Two fictitious characters from the 80s brought me to this, Hannibal Smith and MacGyver.
Troubleshooting is all about imagination. You have to be able to, and I actually hate this saying, think outside the box.
“Imagination is the most important thing the human mind has.” – MacGyver
I always have three things with me.
1. Duct Tape. Most of life’s problems can be solved by a liberal application of duct tape.
2. A Swiss Army Knife. (Thanks, MacGyver). Incredibly versatile tools that can be found in almost any configuration you want.
3. Zip Ties. I use these a lot at work. Fast and easy to secure a wide variety of things.
The simple fix was to use a zip tie to secure the plug to the ignition coil. Problem solved.
I had called Mags, and Dad had told her he’d come to me when she was dropping off the kids at his house for the day. I told her to have him call our guy with the flatbed before I got my head straight and figured what needed doing.
By the time he’d shown up, I was getting ready to fix it, but since he came, I let him get under the hood. And this was all about respect.
I’ve spent no small part of my life holding the flashlight, getting yelled at while he turned the wrench. But I’ve learned a lot from him. At 72, he’s still a formidable man. Arms like tree trunks and one of the best shade tree mechanics I know. He has forgotten more than I’ll ever learn about an engine.
All of this went down within forty-five minutes. And just like that, I was back on the road.
And that was this morning. It wasn’t the plan, but it was what happened.
A twenty-five-cent zip tie saved me a 150 dollar bill on a flatbed ride.
And at that point, Hannibal Smith steps in.
There’s a plan in everything, kid. And I love it when a plan comes together. – H. Smith
Well, maybe I’ll get one done. The deeper you get into something the more problems you can find.
I went to YouTube last night to figure out how to remove the spool handle for the window, and despite the guy knowing that every spool handle came off the same, he was wrong. Instead of a clip to remove said handle, it was a Torx head bolt. Luckily, I have an abundance of tools.
The other problem I’ve run into is a bit of upholstery that has given up over the years, probably to heat. Things wear down. There’s no helping it.
And so I have an armrest sitting in front of the wife’s bread box with Gorilla Glue (not a sponsor) setting up and a couple of paper/chip clips bag holding it all together.
I’ve taped up and dropped the first coat on the main door panel for now.
It is 11:34, and now I wait.
That door is done.
And now, on to the other door.
Because you’ve seen the first one, the other is pretty much the same, so I won’t bore ya.
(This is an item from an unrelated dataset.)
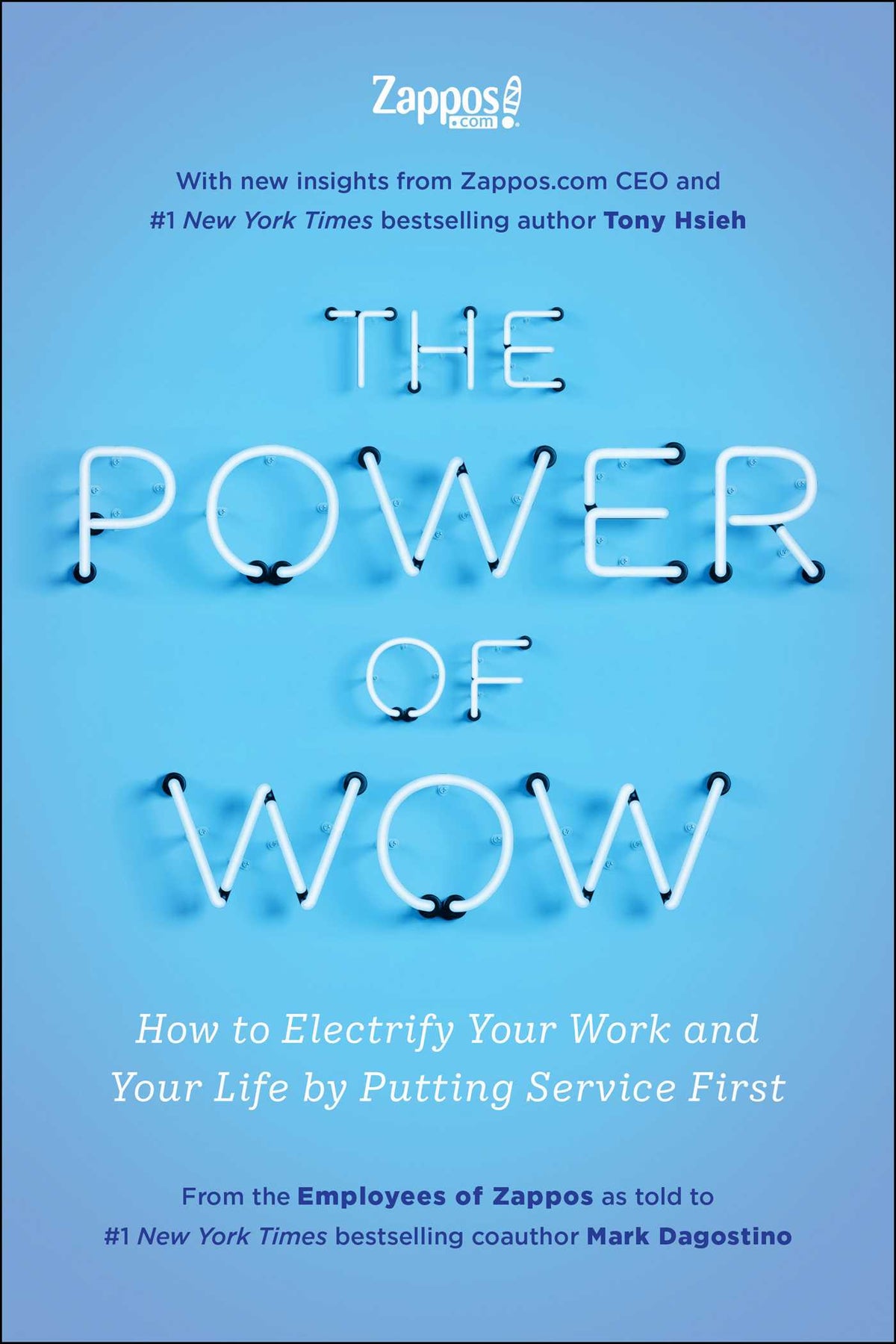 Power of WOW: How to Electrify Your Work and Your Life by Putting Service First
Yep. I was able to get both doors done and still have some time this afternoon.
There’s a lot to be said for doing things yourself. It’s not just saving money. You try new things and learn new things. Believe me; I mess up often enough, but there’s a lot of knowledge in mistakes.
It might be the paint fumes talking, but it’s been a pretty good day.
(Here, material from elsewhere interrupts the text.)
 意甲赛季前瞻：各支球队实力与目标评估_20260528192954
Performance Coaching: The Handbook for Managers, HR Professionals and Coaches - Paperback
I’m looking at fender flares for the Ranger. Fender flares are expensive. Not completely out of the question, but I’m looking for something a bit thinner. Not some big, bulky thing hanging off the side of the truck.
I think I saw some at the junkyard I mentioned the other week. If all four are in good shape, I may bargain for them when I return for the additional parts.
The other thing I’m working on is the rocker panels. I’m considering painting them with bed liner material. I’m just trying to figure how far I’m willing to go.